*** Available data Section Begins ***
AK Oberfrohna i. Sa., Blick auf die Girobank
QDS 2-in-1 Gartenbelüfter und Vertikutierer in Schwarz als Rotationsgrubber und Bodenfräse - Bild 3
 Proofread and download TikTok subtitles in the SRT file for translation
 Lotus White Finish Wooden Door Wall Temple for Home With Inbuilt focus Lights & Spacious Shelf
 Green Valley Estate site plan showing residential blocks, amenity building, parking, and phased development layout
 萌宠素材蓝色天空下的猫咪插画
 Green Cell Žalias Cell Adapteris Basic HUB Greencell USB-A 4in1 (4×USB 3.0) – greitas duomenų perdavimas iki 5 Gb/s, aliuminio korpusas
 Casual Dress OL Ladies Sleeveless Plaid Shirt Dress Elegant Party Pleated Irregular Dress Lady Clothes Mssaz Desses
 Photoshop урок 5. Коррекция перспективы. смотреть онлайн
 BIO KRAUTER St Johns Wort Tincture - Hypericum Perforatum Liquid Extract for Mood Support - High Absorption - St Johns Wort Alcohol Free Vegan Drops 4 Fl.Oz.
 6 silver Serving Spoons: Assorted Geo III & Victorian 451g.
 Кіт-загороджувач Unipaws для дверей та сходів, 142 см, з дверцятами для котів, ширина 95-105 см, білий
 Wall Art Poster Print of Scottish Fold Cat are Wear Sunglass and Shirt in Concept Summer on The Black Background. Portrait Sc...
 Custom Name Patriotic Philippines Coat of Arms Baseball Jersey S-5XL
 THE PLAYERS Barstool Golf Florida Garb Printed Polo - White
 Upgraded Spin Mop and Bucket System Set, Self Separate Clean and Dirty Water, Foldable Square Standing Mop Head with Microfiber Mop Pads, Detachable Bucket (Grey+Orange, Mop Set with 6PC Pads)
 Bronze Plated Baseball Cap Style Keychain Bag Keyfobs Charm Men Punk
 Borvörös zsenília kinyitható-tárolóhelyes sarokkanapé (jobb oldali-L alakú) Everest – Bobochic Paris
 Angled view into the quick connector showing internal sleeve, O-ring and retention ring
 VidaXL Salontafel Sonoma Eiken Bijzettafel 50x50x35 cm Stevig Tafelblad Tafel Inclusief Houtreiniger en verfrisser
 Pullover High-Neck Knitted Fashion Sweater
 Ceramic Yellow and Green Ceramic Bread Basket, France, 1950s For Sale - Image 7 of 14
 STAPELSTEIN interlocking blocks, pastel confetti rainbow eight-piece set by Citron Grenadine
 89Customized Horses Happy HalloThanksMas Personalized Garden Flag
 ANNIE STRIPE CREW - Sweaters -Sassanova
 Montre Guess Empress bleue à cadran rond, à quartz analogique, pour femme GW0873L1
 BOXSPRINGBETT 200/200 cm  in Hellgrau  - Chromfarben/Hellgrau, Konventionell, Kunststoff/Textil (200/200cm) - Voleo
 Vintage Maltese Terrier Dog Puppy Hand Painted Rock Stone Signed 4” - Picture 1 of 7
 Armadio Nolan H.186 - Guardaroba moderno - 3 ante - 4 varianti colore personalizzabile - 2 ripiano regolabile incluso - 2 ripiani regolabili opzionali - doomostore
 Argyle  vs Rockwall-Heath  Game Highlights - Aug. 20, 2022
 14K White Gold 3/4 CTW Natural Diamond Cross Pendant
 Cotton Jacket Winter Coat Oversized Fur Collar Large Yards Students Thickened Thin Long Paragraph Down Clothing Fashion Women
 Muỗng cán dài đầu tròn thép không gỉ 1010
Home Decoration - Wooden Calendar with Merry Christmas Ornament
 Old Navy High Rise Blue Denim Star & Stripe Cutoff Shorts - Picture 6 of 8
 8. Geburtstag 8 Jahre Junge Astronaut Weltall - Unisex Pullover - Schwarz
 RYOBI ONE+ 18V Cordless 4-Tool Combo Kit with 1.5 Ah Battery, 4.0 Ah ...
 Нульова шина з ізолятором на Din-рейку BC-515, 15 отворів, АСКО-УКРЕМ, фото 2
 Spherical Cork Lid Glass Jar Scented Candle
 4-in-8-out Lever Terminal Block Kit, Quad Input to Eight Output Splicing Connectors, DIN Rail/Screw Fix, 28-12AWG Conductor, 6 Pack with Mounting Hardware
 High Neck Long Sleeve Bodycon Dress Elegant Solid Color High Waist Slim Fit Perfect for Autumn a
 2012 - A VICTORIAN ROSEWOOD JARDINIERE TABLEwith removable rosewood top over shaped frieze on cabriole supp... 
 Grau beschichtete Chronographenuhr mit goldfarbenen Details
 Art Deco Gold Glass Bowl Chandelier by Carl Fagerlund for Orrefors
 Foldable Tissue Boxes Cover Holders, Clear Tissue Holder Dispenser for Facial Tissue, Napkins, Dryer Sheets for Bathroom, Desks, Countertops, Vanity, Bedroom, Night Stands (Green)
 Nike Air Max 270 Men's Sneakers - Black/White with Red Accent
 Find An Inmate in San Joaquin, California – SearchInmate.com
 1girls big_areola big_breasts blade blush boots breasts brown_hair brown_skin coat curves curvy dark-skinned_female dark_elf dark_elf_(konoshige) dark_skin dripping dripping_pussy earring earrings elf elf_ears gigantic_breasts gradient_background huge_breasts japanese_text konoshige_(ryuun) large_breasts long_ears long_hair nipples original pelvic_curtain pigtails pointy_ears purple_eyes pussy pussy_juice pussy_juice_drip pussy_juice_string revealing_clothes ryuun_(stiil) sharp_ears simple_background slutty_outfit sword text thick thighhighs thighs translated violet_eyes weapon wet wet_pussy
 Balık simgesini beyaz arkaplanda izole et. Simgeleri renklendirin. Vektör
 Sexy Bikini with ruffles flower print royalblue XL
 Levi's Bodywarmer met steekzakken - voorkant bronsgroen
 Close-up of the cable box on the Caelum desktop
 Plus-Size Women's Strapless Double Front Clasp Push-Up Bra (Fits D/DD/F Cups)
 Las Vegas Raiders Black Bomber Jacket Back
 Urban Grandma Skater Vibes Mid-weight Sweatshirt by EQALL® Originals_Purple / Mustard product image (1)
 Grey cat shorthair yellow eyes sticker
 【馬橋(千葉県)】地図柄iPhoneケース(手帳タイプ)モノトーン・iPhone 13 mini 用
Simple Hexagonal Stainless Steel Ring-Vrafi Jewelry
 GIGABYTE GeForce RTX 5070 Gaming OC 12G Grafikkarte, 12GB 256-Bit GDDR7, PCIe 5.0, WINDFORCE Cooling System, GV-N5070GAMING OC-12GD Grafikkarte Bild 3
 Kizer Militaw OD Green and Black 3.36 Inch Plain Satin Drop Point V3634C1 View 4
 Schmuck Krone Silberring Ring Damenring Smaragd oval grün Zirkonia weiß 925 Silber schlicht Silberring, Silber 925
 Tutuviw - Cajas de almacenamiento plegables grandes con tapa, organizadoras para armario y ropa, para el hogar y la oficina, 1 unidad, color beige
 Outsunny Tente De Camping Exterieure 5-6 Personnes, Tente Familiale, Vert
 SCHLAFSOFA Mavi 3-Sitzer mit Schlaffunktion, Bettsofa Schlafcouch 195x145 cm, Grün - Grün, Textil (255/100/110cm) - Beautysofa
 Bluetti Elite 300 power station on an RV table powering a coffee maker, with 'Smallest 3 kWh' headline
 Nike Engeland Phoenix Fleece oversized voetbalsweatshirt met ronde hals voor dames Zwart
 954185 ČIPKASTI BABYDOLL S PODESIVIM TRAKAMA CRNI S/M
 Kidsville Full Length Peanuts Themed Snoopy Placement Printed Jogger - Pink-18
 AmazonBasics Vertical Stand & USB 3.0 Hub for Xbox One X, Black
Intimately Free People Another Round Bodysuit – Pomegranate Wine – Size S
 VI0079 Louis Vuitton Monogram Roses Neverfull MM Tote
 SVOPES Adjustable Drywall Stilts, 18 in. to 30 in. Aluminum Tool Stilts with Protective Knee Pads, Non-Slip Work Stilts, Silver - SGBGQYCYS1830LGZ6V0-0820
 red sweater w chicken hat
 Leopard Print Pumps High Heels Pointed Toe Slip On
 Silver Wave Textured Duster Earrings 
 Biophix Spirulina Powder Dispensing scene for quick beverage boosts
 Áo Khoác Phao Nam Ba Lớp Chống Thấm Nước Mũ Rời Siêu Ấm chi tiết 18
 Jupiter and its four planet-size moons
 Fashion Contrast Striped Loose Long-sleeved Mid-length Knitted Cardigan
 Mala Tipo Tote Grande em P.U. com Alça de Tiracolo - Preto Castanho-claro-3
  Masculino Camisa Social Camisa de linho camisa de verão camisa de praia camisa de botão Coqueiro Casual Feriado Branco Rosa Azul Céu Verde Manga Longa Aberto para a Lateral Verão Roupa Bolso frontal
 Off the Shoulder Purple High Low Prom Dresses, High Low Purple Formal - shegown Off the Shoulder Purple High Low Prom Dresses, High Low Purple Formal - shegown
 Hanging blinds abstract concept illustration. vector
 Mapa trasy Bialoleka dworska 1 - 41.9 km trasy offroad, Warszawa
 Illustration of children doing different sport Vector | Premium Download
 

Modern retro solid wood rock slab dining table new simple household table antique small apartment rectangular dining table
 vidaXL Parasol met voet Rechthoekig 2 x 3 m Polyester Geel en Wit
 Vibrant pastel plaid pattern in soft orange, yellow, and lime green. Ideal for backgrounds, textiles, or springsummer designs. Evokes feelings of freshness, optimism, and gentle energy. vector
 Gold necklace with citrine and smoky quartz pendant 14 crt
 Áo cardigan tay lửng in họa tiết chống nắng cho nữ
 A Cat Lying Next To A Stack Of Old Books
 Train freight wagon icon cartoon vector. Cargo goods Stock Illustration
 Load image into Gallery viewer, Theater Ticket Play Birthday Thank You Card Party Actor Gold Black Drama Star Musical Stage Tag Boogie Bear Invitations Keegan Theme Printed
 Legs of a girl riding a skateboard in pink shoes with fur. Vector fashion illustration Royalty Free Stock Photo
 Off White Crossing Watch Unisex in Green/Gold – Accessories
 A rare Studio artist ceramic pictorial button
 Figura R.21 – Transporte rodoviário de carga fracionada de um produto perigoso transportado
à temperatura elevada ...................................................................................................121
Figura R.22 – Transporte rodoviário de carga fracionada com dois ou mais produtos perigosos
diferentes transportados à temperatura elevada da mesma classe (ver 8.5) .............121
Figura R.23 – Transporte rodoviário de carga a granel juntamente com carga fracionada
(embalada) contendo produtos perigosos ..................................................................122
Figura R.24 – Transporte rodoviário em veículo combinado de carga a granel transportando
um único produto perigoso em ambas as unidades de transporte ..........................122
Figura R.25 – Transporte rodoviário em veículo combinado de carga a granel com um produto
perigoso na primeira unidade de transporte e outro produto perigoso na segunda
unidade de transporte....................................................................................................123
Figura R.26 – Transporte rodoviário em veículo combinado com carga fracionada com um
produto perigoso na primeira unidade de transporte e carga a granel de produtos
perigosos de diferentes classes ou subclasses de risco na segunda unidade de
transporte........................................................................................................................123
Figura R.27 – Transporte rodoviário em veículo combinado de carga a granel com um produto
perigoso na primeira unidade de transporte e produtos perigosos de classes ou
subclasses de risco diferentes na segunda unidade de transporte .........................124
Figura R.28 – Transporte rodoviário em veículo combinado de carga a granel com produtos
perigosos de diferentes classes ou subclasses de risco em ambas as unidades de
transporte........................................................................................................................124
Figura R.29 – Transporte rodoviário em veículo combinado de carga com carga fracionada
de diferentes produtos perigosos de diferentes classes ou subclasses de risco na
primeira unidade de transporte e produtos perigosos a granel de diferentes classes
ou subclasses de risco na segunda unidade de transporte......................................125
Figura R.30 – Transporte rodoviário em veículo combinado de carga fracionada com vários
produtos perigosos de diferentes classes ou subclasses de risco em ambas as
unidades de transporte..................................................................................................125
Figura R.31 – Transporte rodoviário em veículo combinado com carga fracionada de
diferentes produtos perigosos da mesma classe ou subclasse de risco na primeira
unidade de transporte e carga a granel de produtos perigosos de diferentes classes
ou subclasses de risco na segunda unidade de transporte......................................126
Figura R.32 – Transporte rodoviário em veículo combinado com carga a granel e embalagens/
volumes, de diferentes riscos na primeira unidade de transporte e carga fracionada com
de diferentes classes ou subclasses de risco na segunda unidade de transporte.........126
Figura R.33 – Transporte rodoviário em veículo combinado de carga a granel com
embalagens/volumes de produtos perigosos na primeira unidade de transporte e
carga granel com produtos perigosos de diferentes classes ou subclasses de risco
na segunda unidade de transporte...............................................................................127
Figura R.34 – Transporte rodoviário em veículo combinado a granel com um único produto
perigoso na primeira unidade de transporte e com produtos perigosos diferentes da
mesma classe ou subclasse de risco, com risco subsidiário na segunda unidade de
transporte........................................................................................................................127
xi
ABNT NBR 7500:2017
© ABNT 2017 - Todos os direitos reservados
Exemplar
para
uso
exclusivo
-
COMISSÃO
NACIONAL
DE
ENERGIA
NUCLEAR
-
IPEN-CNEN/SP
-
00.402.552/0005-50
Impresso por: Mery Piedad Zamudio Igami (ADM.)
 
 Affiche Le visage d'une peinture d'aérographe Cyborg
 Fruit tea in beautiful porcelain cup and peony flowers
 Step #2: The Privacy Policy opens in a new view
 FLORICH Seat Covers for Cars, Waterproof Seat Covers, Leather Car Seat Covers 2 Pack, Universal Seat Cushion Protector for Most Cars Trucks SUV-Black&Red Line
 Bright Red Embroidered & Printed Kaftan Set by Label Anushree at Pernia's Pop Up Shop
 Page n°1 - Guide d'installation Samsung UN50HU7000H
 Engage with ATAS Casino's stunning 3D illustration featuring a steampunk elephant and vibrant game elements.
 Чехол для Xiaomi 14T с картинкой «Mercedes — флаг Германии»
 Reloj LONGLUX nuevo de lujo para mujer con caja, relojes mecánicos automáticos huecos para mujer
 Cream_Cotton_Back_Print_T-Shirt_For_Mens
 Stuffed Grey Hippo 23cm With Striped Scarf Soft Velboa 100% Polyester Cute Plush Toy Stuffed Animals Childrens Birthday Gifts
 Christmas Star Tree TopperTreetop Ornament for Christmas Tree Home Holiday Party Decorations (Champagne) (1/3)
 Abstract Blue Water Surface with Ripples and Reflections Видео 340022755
*** Available data Section Ends ***
◆ Work item: In the listing above, find the line containing "Bright Red Embroidered"; that line and every line after it, through the last, are to be retyped exactly.

◆ Exercise solution:
 Bright Red Embroidered & Printed Kaftan Set by Label Anushree at Pernia's Pop Up Shop
 Page n°1 - Guide d'installation Samsung UN50HU7000H
 Engage with ATAS Casino's stunning 3D illustration featuring a steampunk elephant and vibrant game elements.
 Чехол для Xiaomi 14T с картинкой «Mercedes — флаг Германии»
 Reloj LONGLUX nuevo de lujo para mujer con caja, relojes mecánicos automáticos huecos para mujer
 Cream_Cotton_Back_Print_T-Shirt_For_Mens
 Stuffed Grey Hippo 23cm With Striped Scarf Soft Velboa 100% Polyester Cute Plush Toy Stuffed Animals Childrens Birthday Gifts
 Christmas Star Tree TopperTreetop Ornament for Christmas Tree Home Holiday Party Decorations (Champagne) (1/3)
 Abstract Blue Water Surface with Ripples and Reflections Видео 340022755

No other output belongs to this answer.